Where Does China’s Belt and Road Go?

According to a report issued by Xinhua, the Chinese state news agency, in August, Xi Jinping in addition to his role as Party Secretary, President, Chair of the Central Military Commission, and of about half of the all-important Small Leading Groups which co-ordinate policy, is also China’s “Story Teller in Chief.”

This is evidently not a formal role. But nor is it a completely metaphorical one. At a Politburo meeting convened soon after the new leadership was appointed at the 18th Party Congress in 2012, Xi reportedly told his colleagues they needed to “tell the China story.” Around the same time, more publicly, he said that China needed to have a more activist stance about its role in the world. The era of the silent, almost supine Hu Jintao leadership, where the world went into deep angst about what China’s intentions were and no one in the elite leadership in Beijing bothered setting these out, was over. China was now in the mood to tell the world what it believed its story was.

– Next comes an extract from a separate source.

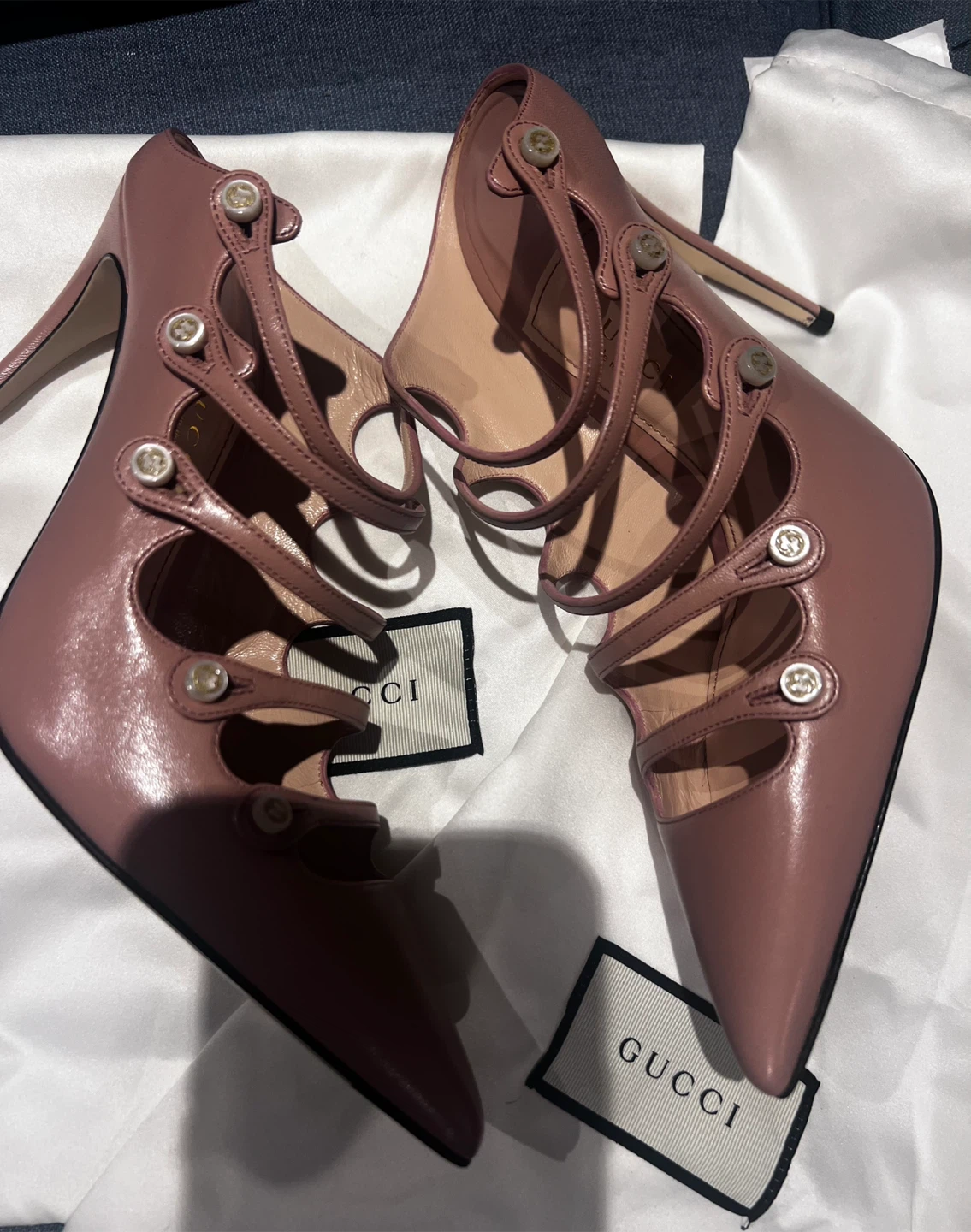 Gucci Pink Leather Cage Heels - photo 5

Part of this story, it is now clear, was to assert parity with its key international relationships, and get rid of the idea from the Deng Xiaoping era that China was biding its time and simply keeping a low profile. With the United States, Xi asserted a “new model of great power relations” while meeting President Obama in Sunnylands in 2013. With the European Union, the second largest trading partnership, he declared the two were, despite their manifest differences, “civilizational partners.” Through these new frameworks, the world had been learning that China was in the mood for equality, not deference. And nor was it going to be branded as assertive or pushy. As the world’s second largest economy, Beijing felt it was simply taking up its rightful place.

Unsurprisingly, the region where China has had the greatest challenges in spelling out its new story is the one it inhabits. Despite their clear areas of conflict and complexity, the U.S. and E.U. story were relatively easy to nail down in one simple phrase. But the very fact that since 2013 we have had “new Silk Road,” then “One Belt, One Road” and now “Belt and Road Initiative,” all circling around the same core idea is just one of the more obvious indications of how challenging it has been to spell out China’s story for its closest neighbours. The simple fact is that for this group of partners, countries like Japan, Vietnam, India, and South Korea, if there is one thing they all share in their attitudes to the rise of their huge geographical partner, it is a generous dose of ambivalence. There is good and bad in the resurgent China for them and no easy framework to fit this in.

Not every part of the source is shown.